▶ **RECORDS PROVIDED**:
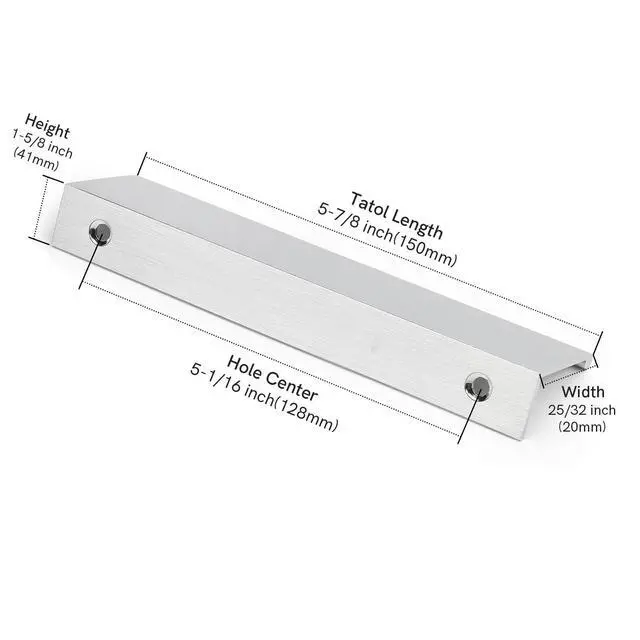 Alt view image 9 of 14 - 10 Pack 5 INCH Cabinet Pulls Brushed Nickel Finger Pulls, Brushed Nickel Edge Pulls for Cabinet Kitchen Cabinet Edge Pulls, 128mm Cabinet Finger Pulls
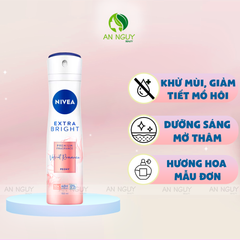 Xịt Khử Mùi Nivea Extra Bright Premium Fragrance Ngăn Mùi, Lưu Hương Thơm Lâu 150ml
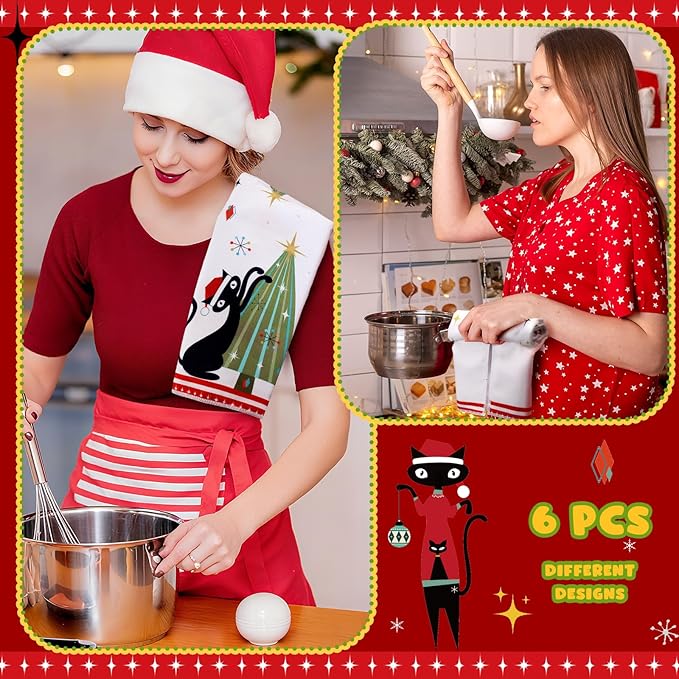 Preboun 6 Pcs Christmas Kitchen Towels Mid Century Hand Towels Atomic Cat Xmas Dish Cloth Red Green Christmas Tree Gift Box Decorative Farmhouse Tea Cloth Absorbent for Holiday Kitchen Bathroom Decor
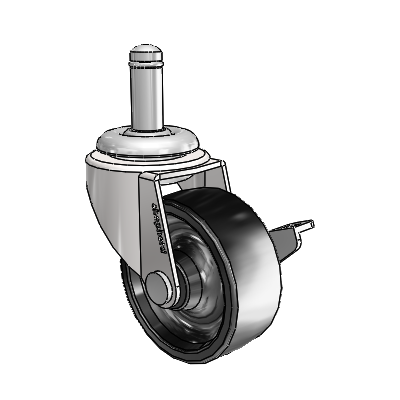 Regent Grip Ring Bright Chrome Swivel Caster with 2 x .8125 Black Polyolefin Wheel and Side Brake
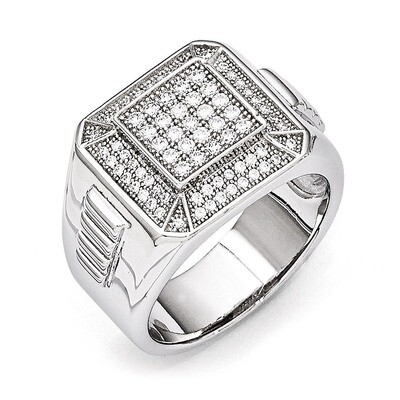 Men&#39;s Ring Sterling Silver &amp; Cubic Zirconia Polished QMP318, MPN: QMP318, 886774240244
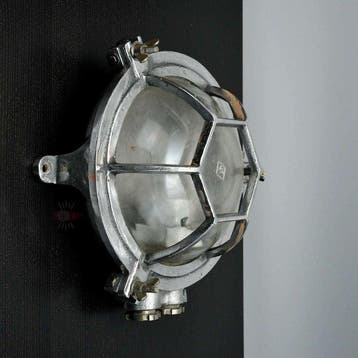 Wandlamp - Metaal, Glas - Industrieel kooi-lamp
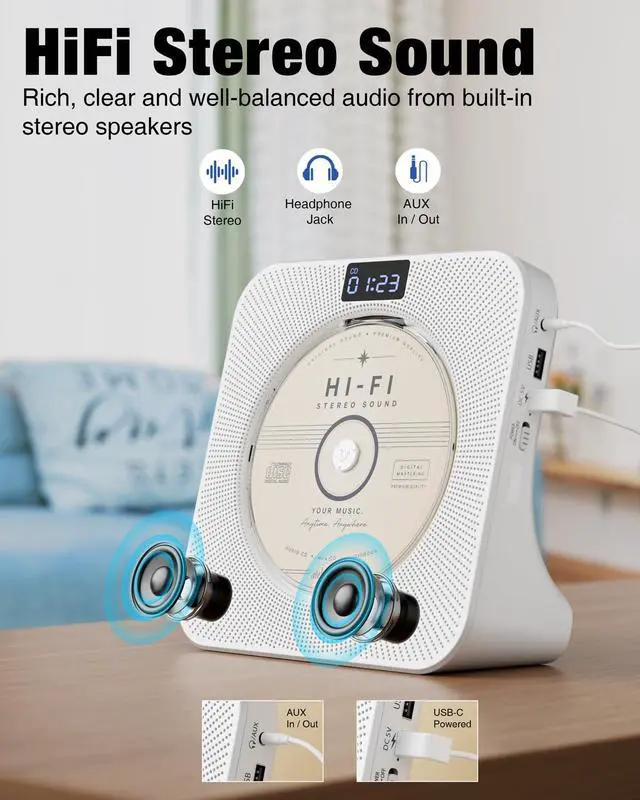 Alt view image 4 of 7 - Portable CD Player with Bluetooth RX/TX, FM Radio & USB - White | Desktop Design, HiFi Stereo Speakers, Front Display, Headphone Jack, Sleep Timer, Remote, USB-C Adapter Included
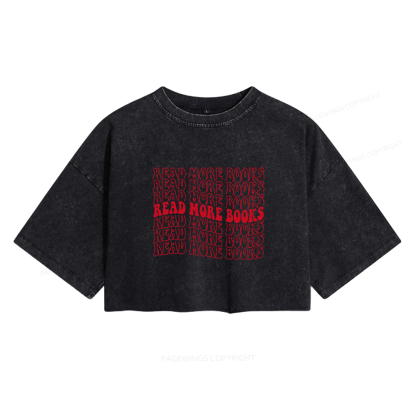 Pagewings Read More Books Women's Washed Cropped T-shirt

▶ **AIM OF THE EXERCISE**: Pictures are to be left out; all else in the entries above is to be quoted exactly.

▶ **RESPONSE BOX**:
 Alt view image 9 of 14 - 10 Pack 5 INCH Cabinet Pulls Brushed Nickel Finger Pulls, Brushed Nickel Edge Pulls for Cabinet Kitchen Cabinet Edge Pulls, 128mm Cabinet Finger Pulls
 Xịt Khử Mùi Nivea Extra Bright Premium Fragrance Ngăn Mùi, Lưu Hương Thơm Lâu 150ml
 Preboun 6 Pcs Christmas Kitchen Towels Mid Century Hand Towels Atomic Cat Xmas Dish Cloth Red Green Christmas Tree Gift Box Decorative Farmhouse Tea Cloth Absorbent for Holiday Kitchen Bathroom Decor
 Regent Grip Ring Bright Chrome Swivel Caster with 2 x .8125 Black Polyolefin Wheel and Side Brake
 Men&#39;s Ring Sterling Silver &amp; Cubic Zirconia Polished QMP318, MPN: QMP318, 886774240244
 Wandlamp - Metaal, Glas - Industrieel kooi-lamp
 Alt view image 4 of 7 - Portable CD Player with Bluetooth RX/TX, FM Radio & USB - White | Desktop Design, HiFi Stereo Speakers, Front Display, Headphone Jack, Sleep Timer, Remote, USB-C Adapter Included
 Pagewings Read More Books Women's Washed Cropped T-shirt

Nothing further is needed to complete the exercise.